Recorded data

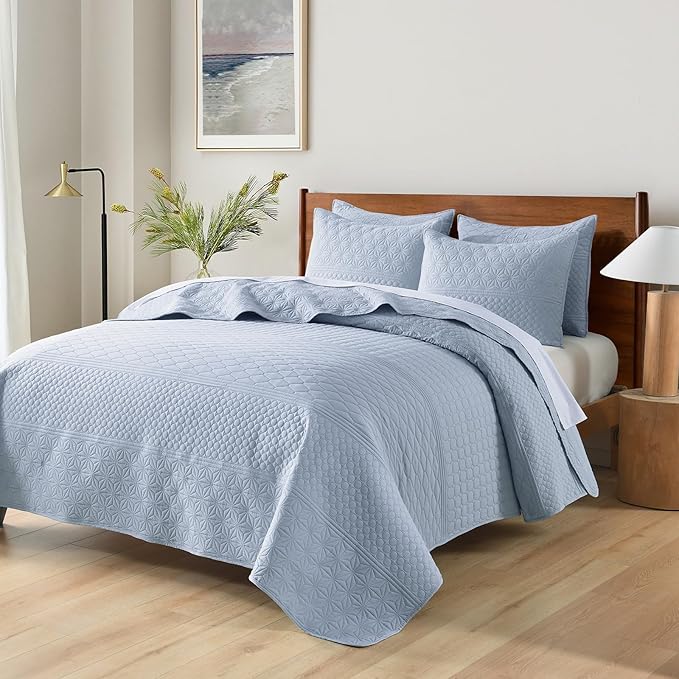 HORIMOTE HOME Light Blue Queen Size Quilt Set - Soft Microfiber Bedspread with 2 Shams, Lightweight & All-Season Geometric Coverlet for Cozy Bedding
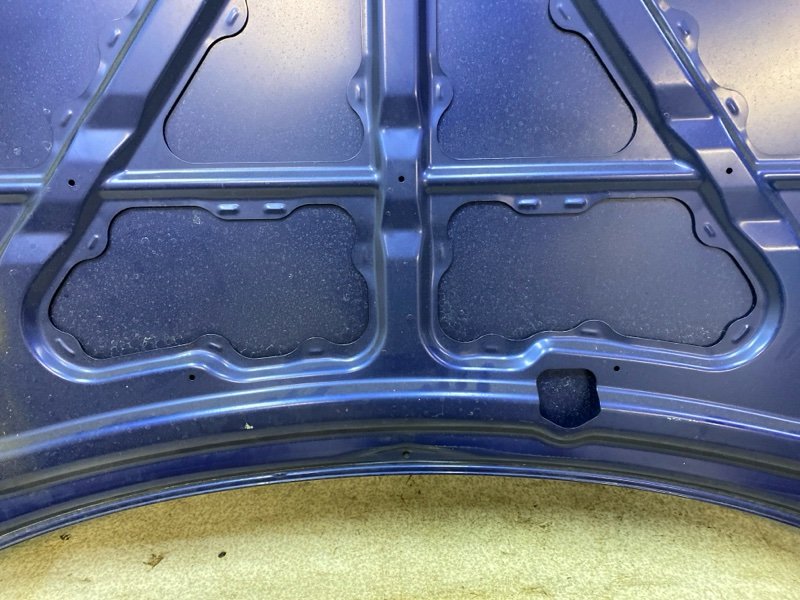 Капот 3 2010 BL Капот 3 2010 BL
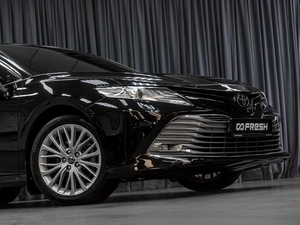 Седан Toyota Camry 2019 года, 3160000 рублей, Тюмень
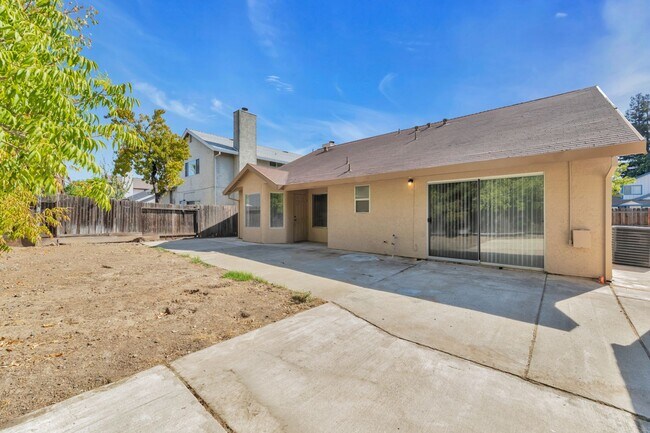 Building Photo - 8327 Trimmer Way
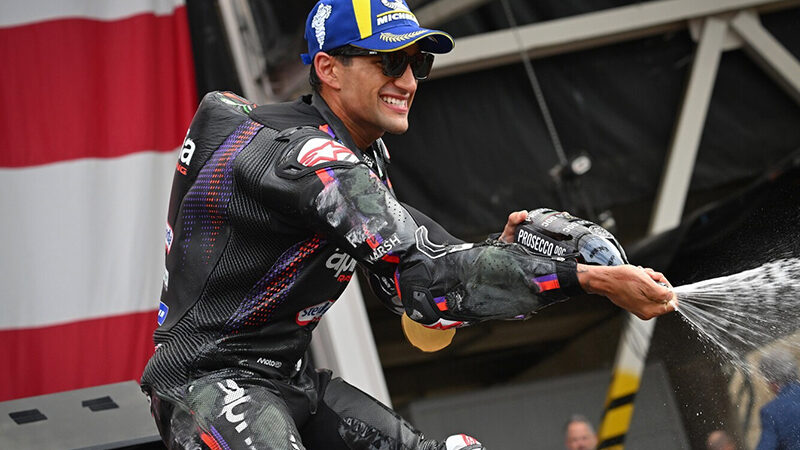 Por tercera vez consecutiva Marco Bezzecchi se impone en MotoGP y le da otra victoria a Aprilia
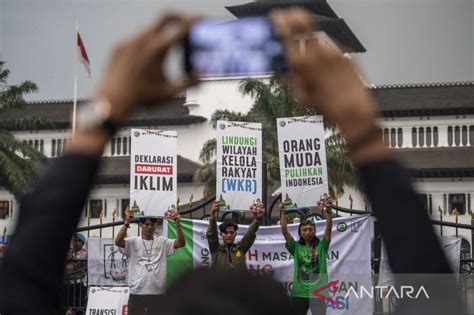 Aksi Hari Lingkungan Hidup Sedunia ANTARA News Jawa Barat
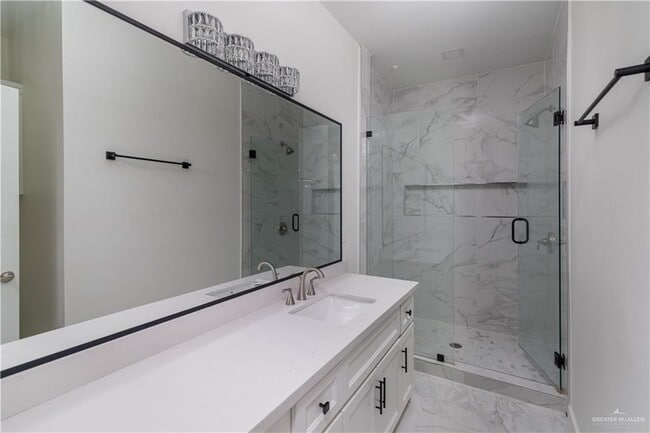 Building Photo - 10 W Kiwi Ave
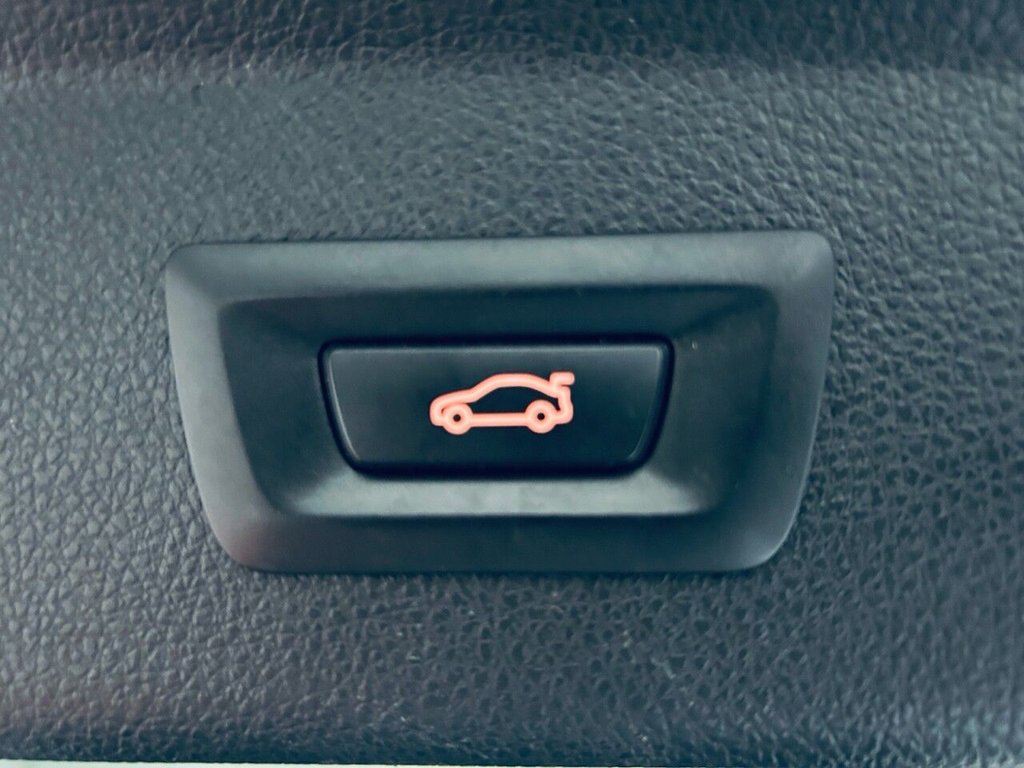 Used BMW 3 Series 2015 for sale - 77148491: Photo 28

**Task requirements**
Although pictures appear among the records above, none are to be output; print exactly the lines from the line containing "Седан Toyota Camry" through the line containing "Aksi Hari Lingkungan".

**Answer**
 Седан Toyota Camry 2019 года, 3160000 рублей, Тюмень
 Building Photo - 8327 Trimmer Way
 Por tercera vez consecutiva Marco Bezzecchi se impone en MotoGP y le da otra victoria a Aprilia
 Aksi Hari Lingkungan Hidup Sedunia ANTARA News Jawa Barat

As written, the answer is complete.